Natural disaster
A natural disaster is the highly harmful impact on a society or community following a natural hazard event. Some examples of natural hazard events include: flooding, drought, earthquake, tropical cyclone, lightning, tsunami, volcanic activity, wildfire.[1] A natural disaster can cause loss of life or damage property, and typically leaves economic damage in its wake. The severity of the damage depends on the affected population's resilience and on the infrastructure available.[2] Scholars have been saying that the term natural disaster is unsuitable and should be abandoned. Instead, the simpler term disaster could be used, while also specifying the category (or type) of hazard.[3][4][5] A disaster is a result of a natural or human-made hazard impacting a vulnerable community. It is the combination of the hazard along with exposure of a vulnerable society that results in a disaster.
For other uses, see Natural disaster (disambiguation).
In modern times, the divide between natural, human-made and human-accelerated disasters is quite difficult to draw.[6][7][8] Human choices and activities like architecture,[9] fire,[10][11] resource management[11][12] and climate change[13] potentially play a role in causing natural disasters. In fact, the term natural disaster was called a misnomer already in 1976.[5]
Natural disasters can be aggravated by inadequate building norms, marginalization of people, inequities, overexploitation of resources, extreme urban sprawl and climate change.[6] The rapid growth of the world's population and its increased concentration often in hazardous environments has escalated both the frequency and severity of disasters. Extreme climates (such as those in the Tropics) and unstable landforms, coupled with deforestation, unplanned growth proliferation and non-engineered constructions create more vulnerable interfaces of populated areas with disaster-prone natural spaces. Developing countries which suffer from chronic natural disasters, often have ineffective communication systems combined with insufficient support for disaster prevention and management.[14]

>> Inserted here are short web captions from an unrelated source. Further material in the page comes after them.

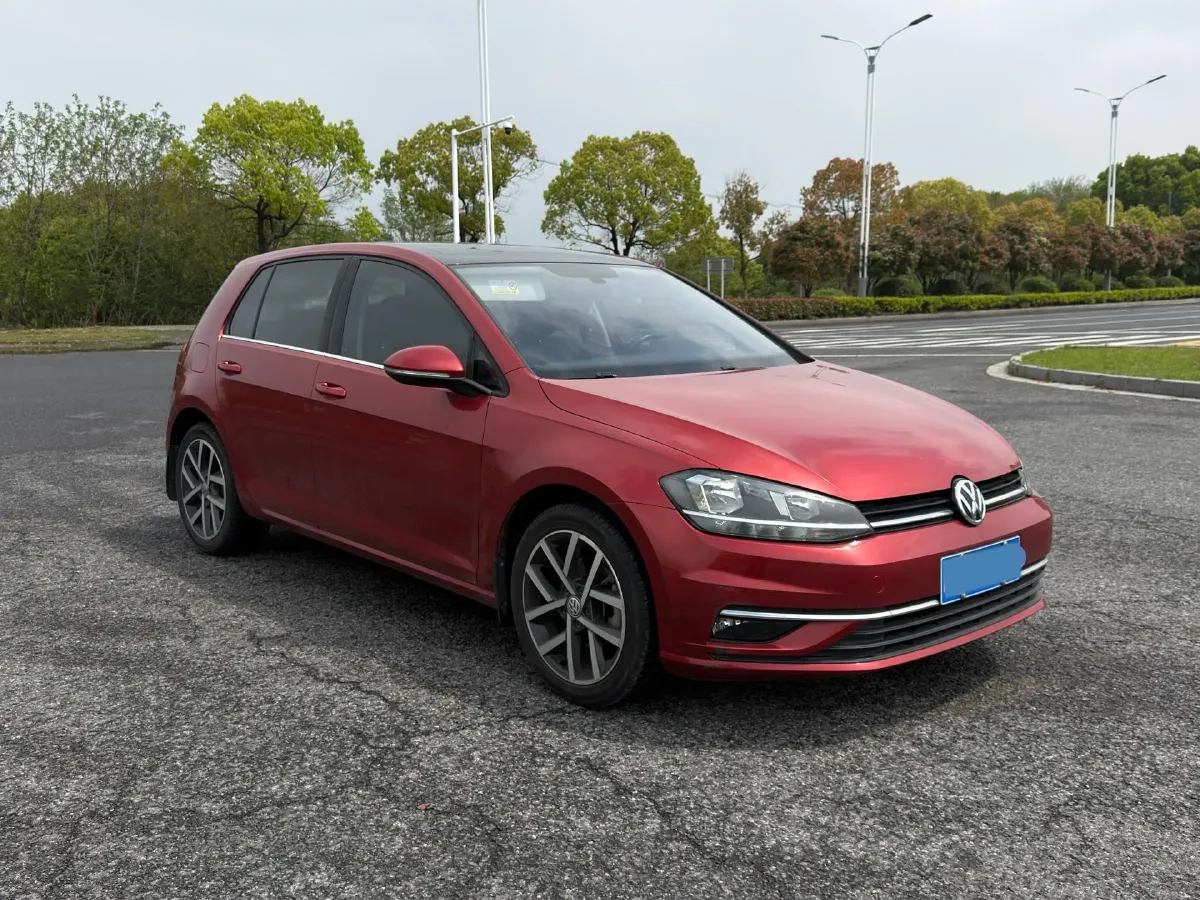 2018 Volkswagen Golf 1.4T 131HP L4 7DCT,autocango,china used car exporter,china ev exporter,chinese used car exporter,chinese used ev exporter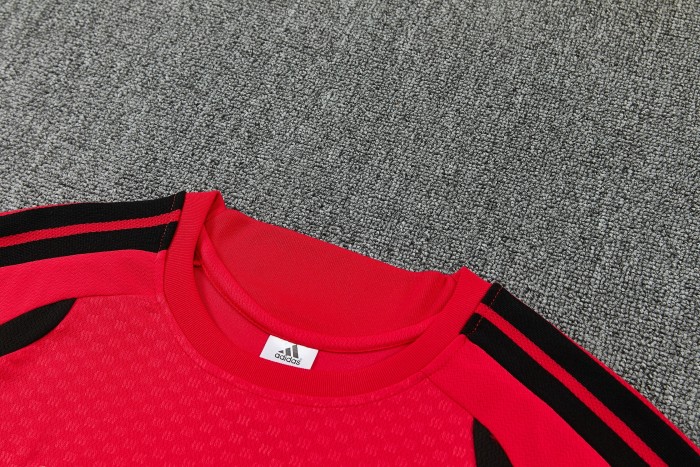 26-27 Man Utd High Quality Training Short Suit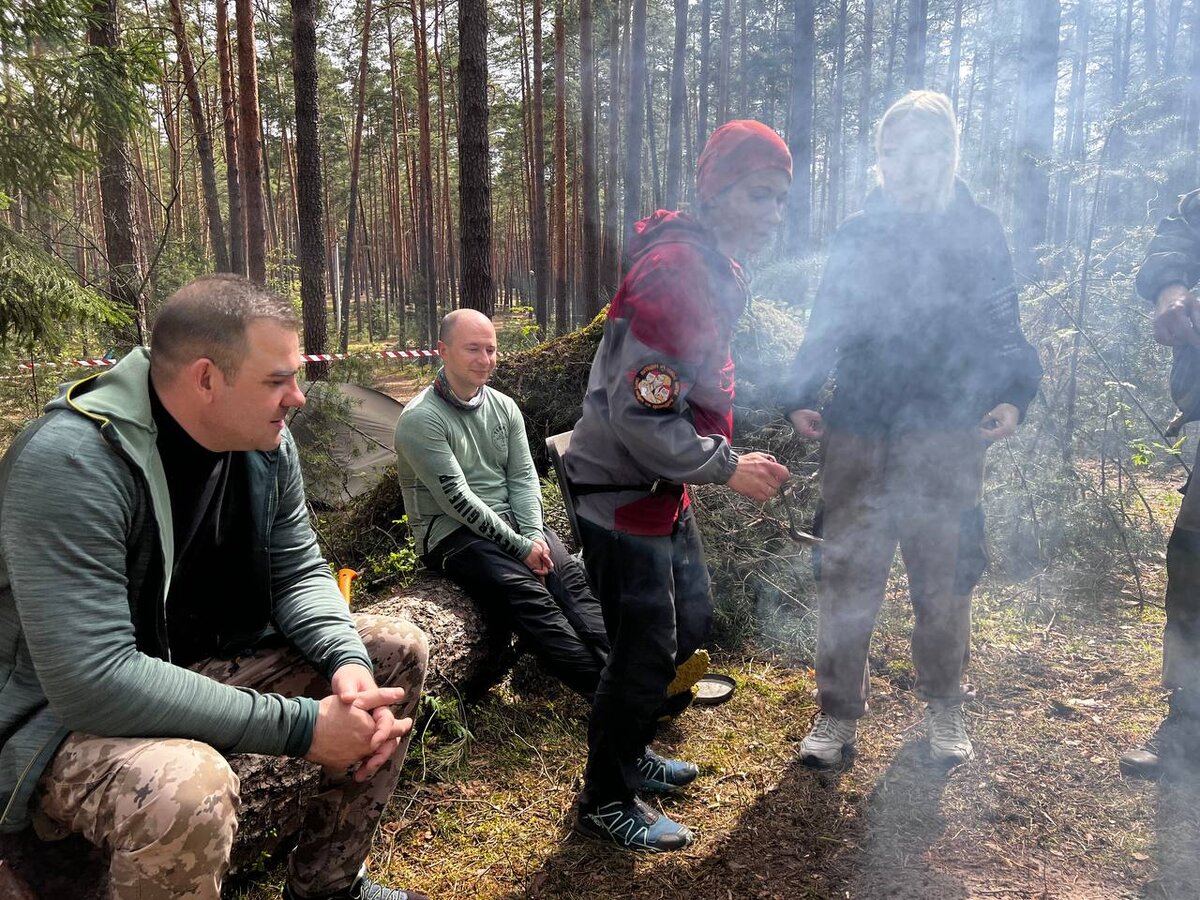 Общаемся у костра.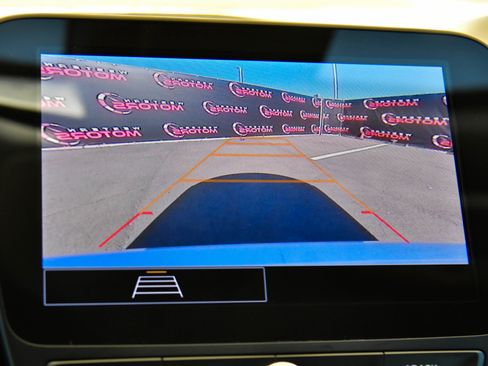 Used 2024 Chevrolet Malibu LT FWD image 18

An adverse event will not rise to the level of a disaster if it occurs in an area without a vulnerable population.[15][16] Once a vulnerable population has experienced a disaster, the community can take many years to repair and that repair period can lead to further vulnerability. The disastrous consequences of natural disaster also affect the mental health of affected communities, often leading to post-traumatic symptoms. These increased emotional experiences can be supported through collective processing, leading to resilience and increased community engagement.[17]
Multi-hazard analysis
Each of the natural hazard types outlined above have very different characteristics, in terms of the spatial and temporal scales they influence, hazard frequency and return period, and measures of intensity and impact. These complexities result in "single-hazard" assessments being commonplace, where the hazard potential from one particular hazard type is constrained. In these examples, hazards are often treated as isolated or independent. An alternative is a "multi-hazard" approach which seeks to identify all possible natural hazards and their interactions or interrelationships.[90][91]
Many examples exist of one natural hazard triggering or increasing the probability of one or more other natural hazards. For example, an earthquake may trigger landslides, whereas a wildfire may increase the probability of landslides being generated in the future.[91] A detailed review of such interactions across 21 natural hazards identified 90 possible interactions, of varying likelihood and spatial importance.[91] There may also be interactions between these natural hazards and anthropic processes.[92] For example, groundwater abstraction may trigger groundwater-related subsidence.[93]
Effective hazard analysis in any given area (e.g., for the purposes of disaster risk reduction) should ideally include an examination of all relevant hazards and their interactions. To be of most use for risk reduction, hazard analysis should be extended to risk assessment wherein the vulnerability of the built environment to each of the hazards is taken into account. This step is well developed for seismic risk, where the possible effect of future earthquakes on structures and infrastructure is assessed, as well as for risk from extreme wind and to a lesser extent flood risk. For other types of natural hazard the calculation of risk is more challenging, principally because of the lack of functions linking the intensity of a hazard and the probability of different levels of damage (fragility curves).[94]